Брендель предложил мне пойти вместе с ним: «Мы можем провести этот день вместе; здесь вы будете только мешать и не сможете нормально поесть».

Он намеренно избегал говорить о моей больной жене. Мы отправились в кафе позавтракать. Аппетита у меня не было никакого, но надо же было куда-то пойти. Брендель очень нравился мне; это был привлекательный, необычайно услужливый человек, у которого была одна-единственная слабость: он принадлежал к типу сентиментальных донжуанов. А это еще не самое худшее. Он не имел ничего общего с такими бесстыжими охотниками за юбками, как де Неми, которого интересовал только чисто механический, лишенный фантазии разврат; Гектор фон Брендель был по-настоящему влюблен — и каждый раз в новую женщину. Но было бы неверно полагать, будто он был инфантильным, неопределившимся человеком, которому само его любвеобилие мешало стать серьезным, взрослым мужчиной. Он с полной отдачей стремился к некоему воображаемому идеалу, которого никогда не достигал, — точнее, не достигал так, чтобы это было раз и навсегда. Каждая его возлюбленная — «заготовка», как он их называл, — сперва подлежала перевоспитанию. Для этого он не жалел ни трудов, ни денег, действуя по собственной, довольно запутанной системе — шаг за шагом, терпеливо, планомерно. Пока дело касалось туалетов, все шло нормально, благо средств на это доставало, но затем наступала очередь разнообразных духовных категорий, как-то: хороших манер, любимых словечек и т. д., и т. п. Об эти препятствия почти все его избранницы спотыкались и выходили из игры.
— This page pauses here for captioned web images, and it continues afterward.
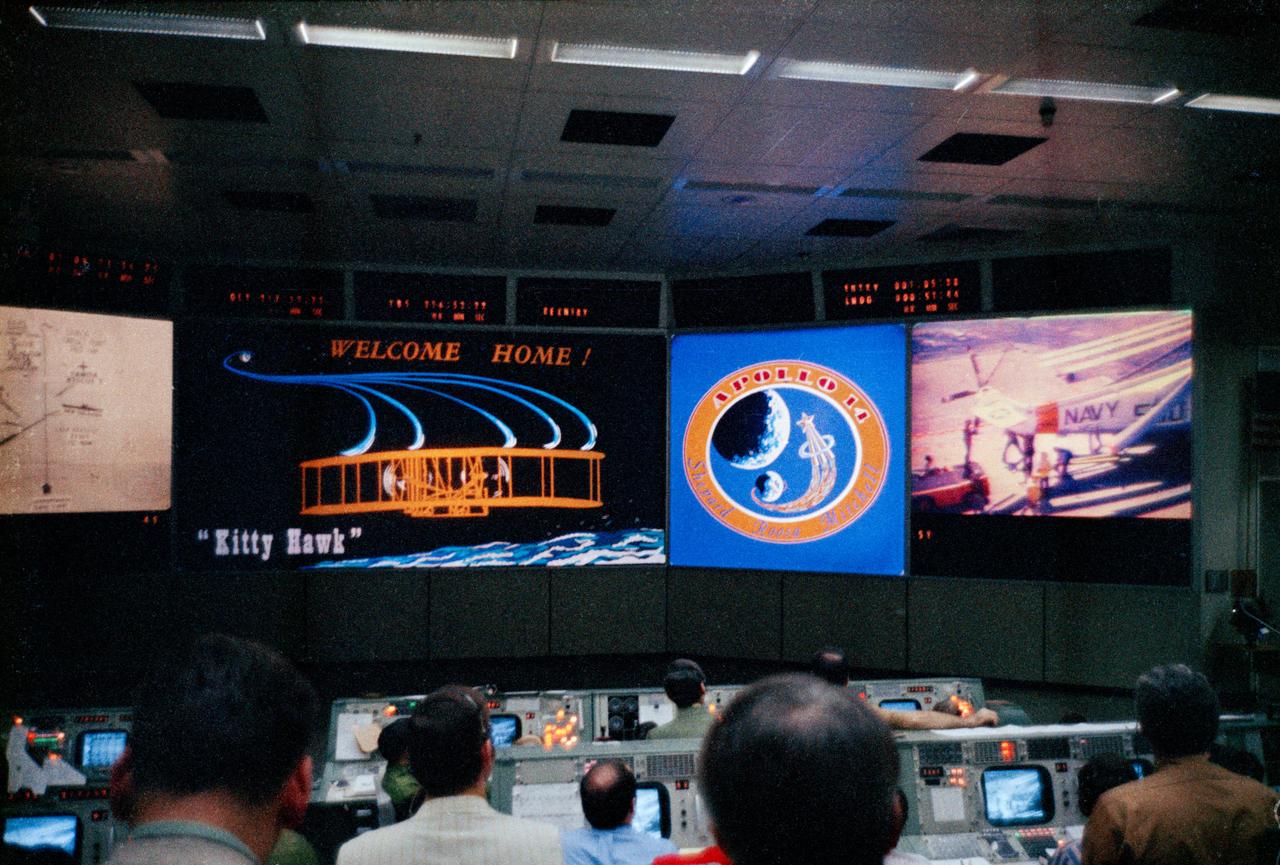 S71-18400 (9 Feb. 1971) --- Flight controllers in the Mission Operations Control Room (MOCR) of the Mission Control Center (MCC) view a colorful display which signals the successful splashdown and recovery of the crew of the Apollo 14 lunar landing mission. The MOCR's large screen at right shows a television shot aboard the USS New Orleans, Apollo 14 prime recovery ship.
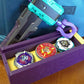 The Beyblade X Garage Door style deckbox from Momo's Models shown in the purple and yellow color scheme. Sitting on a table against a carrying case for the Takara Tomy stadium and a teal ripcord launcher with grip and purple slip grip. Inside of the deckbox is Shark Scale, Clock Mirage, and Pegasus Blast.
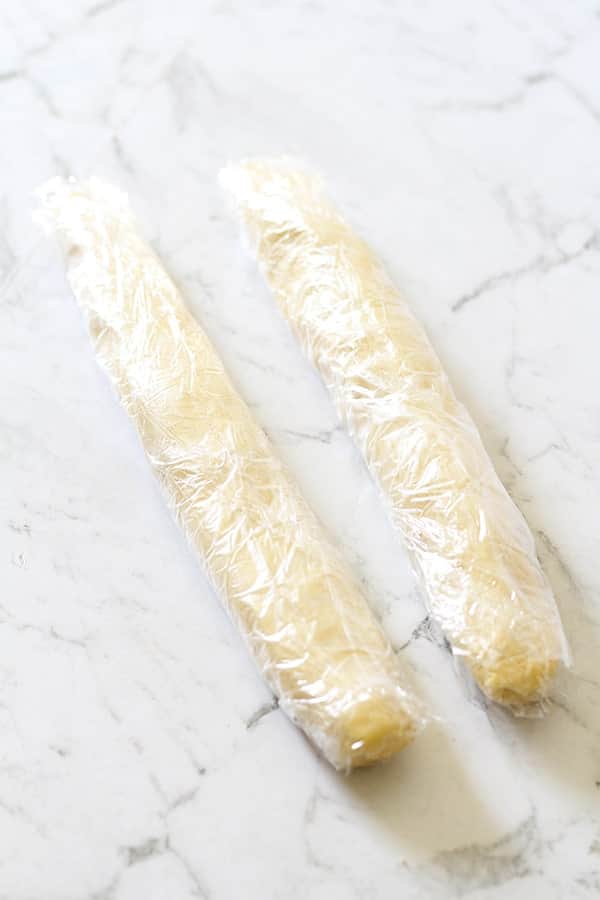 shortbread dough logs wrapped in plastic wrap.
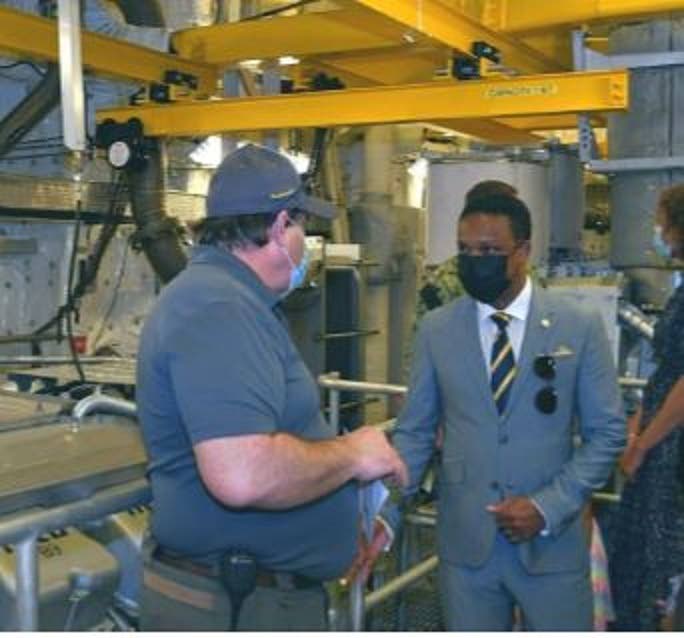 Foreign and Caricom Affairs Minister Dr Amery Browne (right) talks with a crew member on board the USNS Burlington in Port of Spain on April 14. -  Photo courtesy Ministry of Foreign Affairs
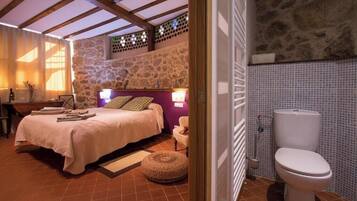 A bedroom with a stone wall, a bed with a headboard, a bedside table, and a bathroom with a toilet.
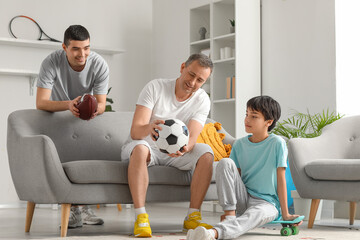 Sporty little boy with his dad and grandfather at home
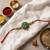 traditional peacock designer rakhi with roli chawal & raksha bandhan card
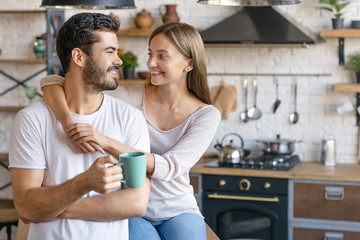 Beautiful young couple embracing in the kitchen at home with look on each other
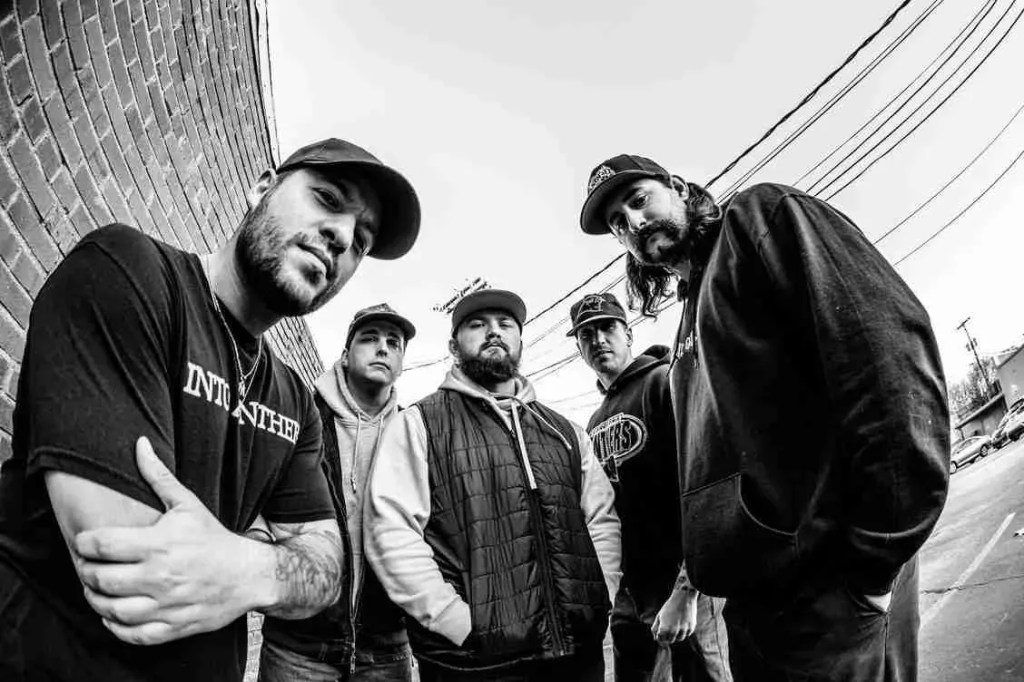 A group of five men stands together in a black and white photo, posing against a brick wall. They have a casual streetwear style, with hats and hoodies. The scene captures a sense of camaraderie and unity.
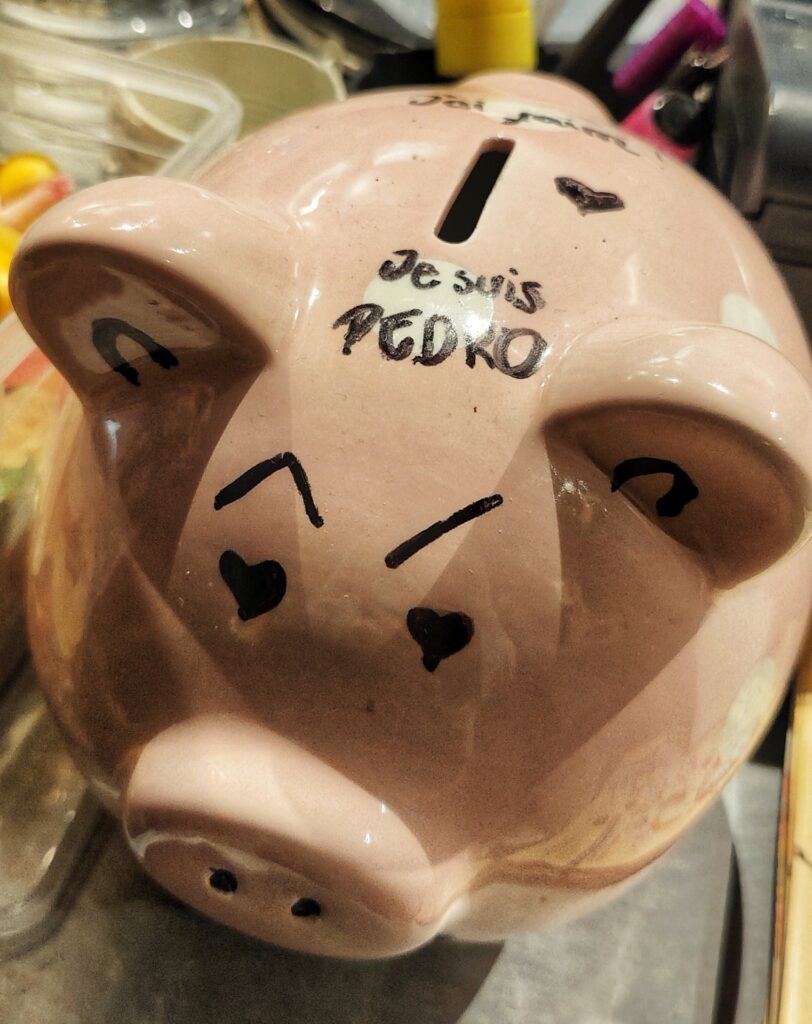 Pink piggy bank with the words "Je suis Pedro" meaning "I am Pedro" written in black marker on top.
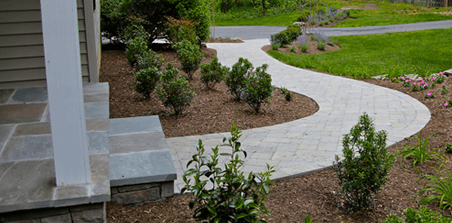 A brick walkway leading to a house with a lush green lawn.
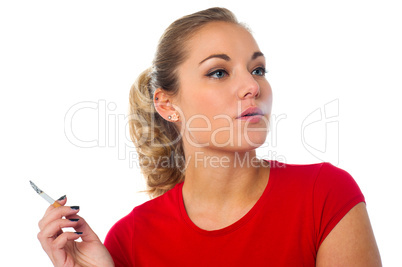 Young woman with cigarette in hand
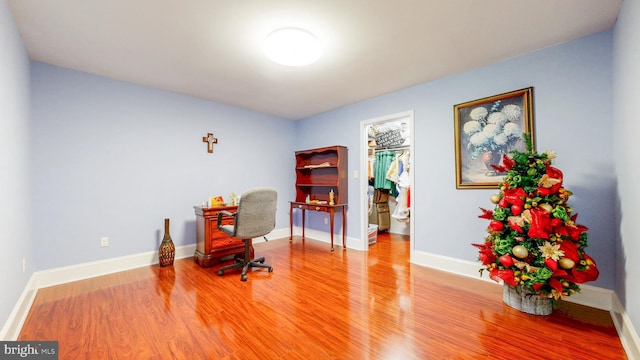 office featuring baseboards and wood finished floors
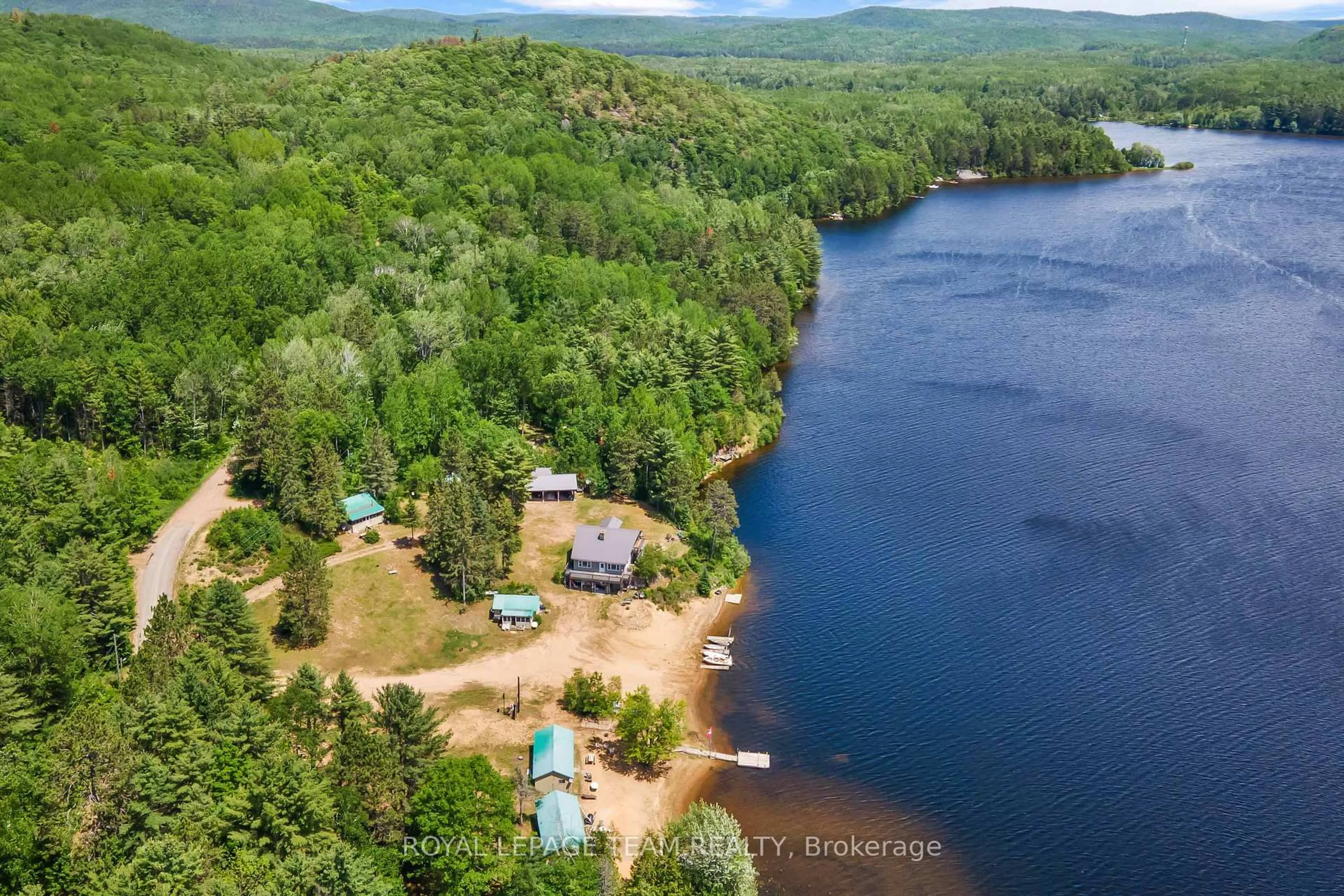 A pic from outside/outdoor area/front of a property/back of a property/a pic from drone, water/lake/river/ocean view for 682 Long Lake Rd, Barry's Bay Ontario K0J 1B0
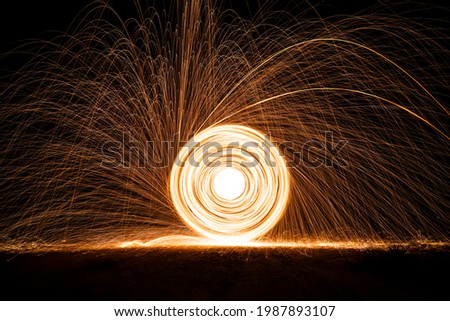 Spinning and burning Steel wool sparkle fire in the circle shape with long speed shutter shoot glowing light line to the ground.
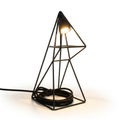 Geometric table lamp with a minimalist design, featuring a triangular metal frame enclosing a Royalty Free Stock Photo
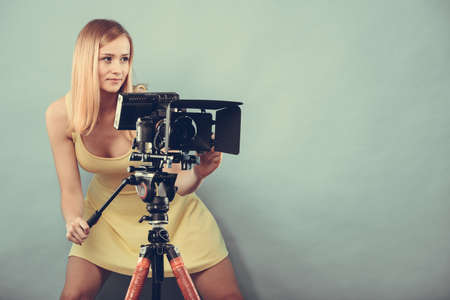 Photographer girl shooting images. Attractive fashionable blonde woman taking photos with camera blue backgroundの写真素材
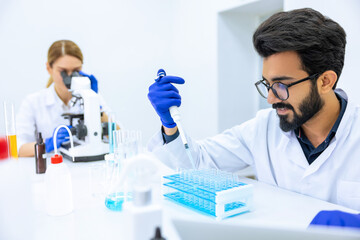 Fototapeta premium Team of scientists examining sample, using microscope and chemical liquids in flask in modern lab
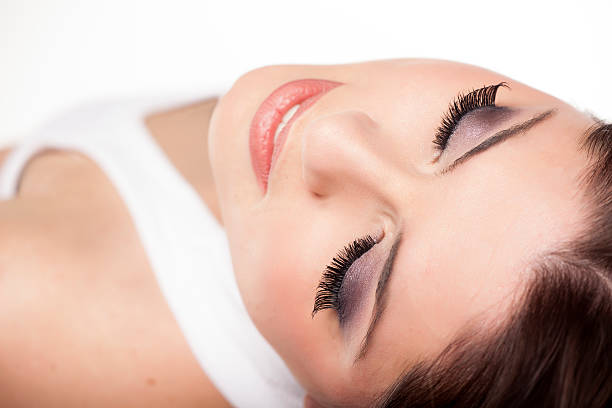 istock Close-up of a model laying down wearing false eyelashes 466616744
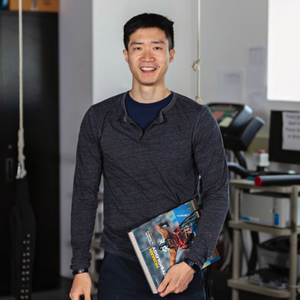 Student smiling in graduate research room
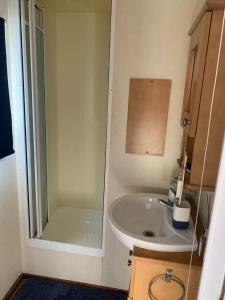 a small bathroom with a sink and a shower at Sunkist, Anderby Creek in Anderby +11 photos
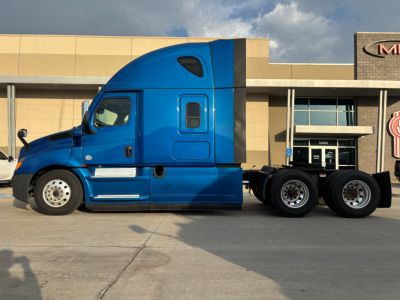 Truck side view showing a blue Freightliner PT126064ST conventional sleeper tractor with dual rear axles and black accents parked in front of a building.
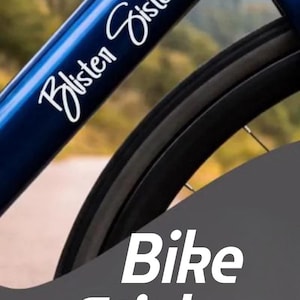 May include: Image of a black and blue bicycle with the text "Bike Stickers" and "Gift for Cyclists". The bike frame has the text "Blisten Sisters" and "Keep pedaling no excuses!"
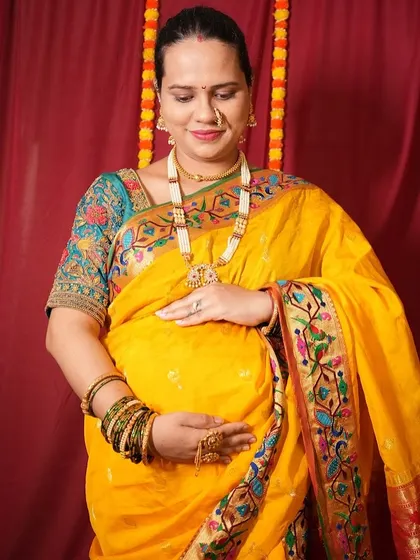 A close-up of the mom-to-be in a beautiful yellow Paithani saree, a classic choice for traditional photoshoots.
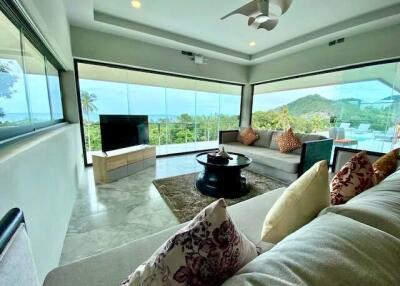 Spacious living room with modern furniture and panoramic windows overlooking the nature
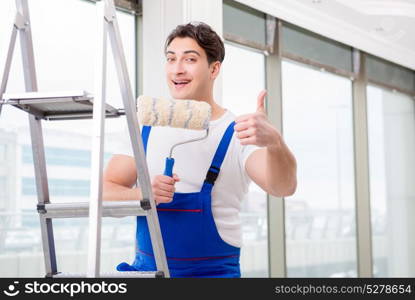 Painter repairman working at construction site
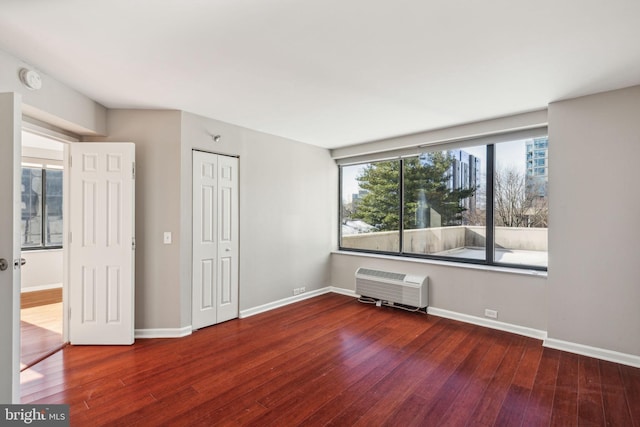 empty room with a wall unit AC and dark wood-type flooring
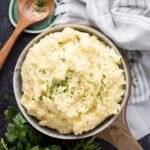 Serving bowl of boursin mashed potatoes with a wooden spoon laying next to it.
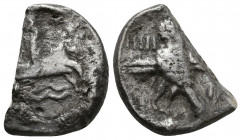 Archaic. Circa 525-475 BC. Cut AR Fragment.

Weight: 5.8 gr
Diameter: 19 mm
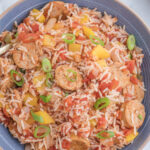 Cajun chicken sausage and rice casserole garnished with sliced green onions in a serving bowl.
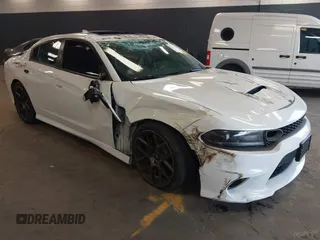 2019 Dodge Charger Scat Pack z VIN 2C3CDXGJ4KH674406, wystawiony jako IAAI lot #42083857 z przebiegiem 54 510 mil mil oraz . Historia ofert i sprzedaży dostępna na DreamBid. Obrazek 1.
Брендель же не унывая принимался за новую «заготовку». Что же касается более высоких ступеней («подлинное доверие», «благородный вкус в общении»), то до них не удалось дорасти, кажется, еще ни одной соискательнице его благосклонности. Бывало, он по полночи распространялся мне о своем очередном кумире. К самому себе он был строг, обвинял во всем себя, подправлял и совершенствовал свой метод, однако ему так и не удавалось добиться состояния, которое он называл «зрелостью». Коренной изъян заключался в неподходящей психологии, к тому же бедняге еще и капитально не везло. Одна обманывала его, другая наскучивала. Он был обречен на вечные пробы и поиски.